Hardin County

Asa Reynolds

ELIZABETHTOWN, Ill. (Aug. 23, 1957) — "I'm proud of these times." Such is the observation of Asa Reynolds, life long Democrat resident of Hardin County who is 90 years old today.

"Young folks today don't know the first shovel of hard times. They are in clover up to their knees," he explained "Things may be high now, but folks have the money to buy them."

Reynolds is observing his birthday quietly at his home in Elizabethtown which he moved from his farm in Rock Creek precinct 29 years ago next November.

He lived within two and one half miles of where he was born until he rented his farm and moved to town. At one time he owned 474 acres of farm land in Hardin County. Three years ago, he sold 314 acres for $15,000 to Thurston Patton.

Mr. Reynolds had been born on August 23, 1861 on a farm at Rock Creek, the son of Mr. and Mrs. Bud Reynolds. After his father's death, his mother married William Hobbs on her son's second birthday.

He recalls working when 16 or 17 years old, clearing ground and shocking corn for 40 cents a day. "I couldn't object to wages then" Mr. Reynolds said, I knew if I didn't like it they'd get some one to take my place." He was working then on the land he later bought from Isaac Oxford.

Mr. Reynolds remembers when dollars was big as wagon wheels. His last sale of wheat, 30 years ago, was 850 bushels for 45 cents a bushel, hauled to the mill. That was back when the county's main main crop was wheat--before all the top soil of most farms of the county had been carried off by erosion.

Some times he got 75 cents a bushel for the potatoes he raised. That was back when potatoes made the crop for which Hardin County was famous. The last potatoes Mr. Reynolds sold was to Col. Ferrell, who owned the store where W.T. Henry is now located. Mr. Reynolds sold those last potatoes for 25 cents a bushel and he could take it out in trade or get a due bill.

Mr. Reynolds remembers his step-father killing hogs, dressing them one day and bringing them to market to Elizabethtown the same day.

When he got on his own, he did his farming the hard way; with a double shovel plow, drawn by horses or mulce. He remembers when a sack of flour cost 35 cents or 40 cents with no money to pay for it. "Now there's money to buy it if flour does cost more," he said.

As a youth he took corn from the farm at Rock Creek to Wolrab's water mill for grinding-making the trip in a two wheel cart, drawn by oxen. He also recollects of making the 24 mile trip to Elizabethtown and back in a four wheel cart, drawn by oxen. He said he made a few such trips, even after he was married.

After moving to town almost 30 years ago, having rented his farm, Mr. Reynolds was elected to the village board twice. He had charge of men working to clean out the park on the river front. He saved the trees, small then which provide shade now.
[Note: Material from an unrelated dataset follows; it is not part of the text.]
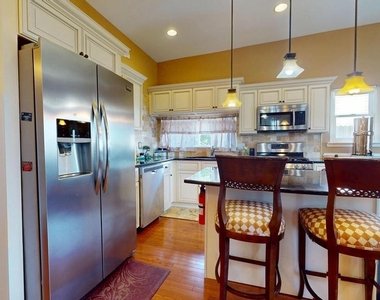 8902 Blue Grass Road - Photo Thumbnail 7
As to the weather which is considered so hot this summer by those who go swimming off the river bank of Elizabethtown's park, Mr. Reynolds said back when he was farming wheat "Summers then were so hot it seemed as though the sun was hung on a limb and wouldn't get down." Mr. Reynolds was married to Annie Miller born February 1881. She died in February 9 years ago.

His daughter, Janie Love lives in Elizabethtown. He has three granddaughters, Ima Lacey of Rosiclare, now a patient in a tuberculosis sanitarium; Audrey Trovillion, Pope County, and Wilma Johnston, Stone Church.

His half brothers Dan Hobbs lives at Mt. Zion and Marion Hobbs at Mounds; his half sisters Lydia Ralph lives in Detroit and Ruthie Davis in Danville, Illinois. It was so cool this morning that Mr. Reynolds wore his sweater, in his walk outside in the sun at 8:30. He said that this is the first time he ever recollects his birthday being cold enough to wear a sweater.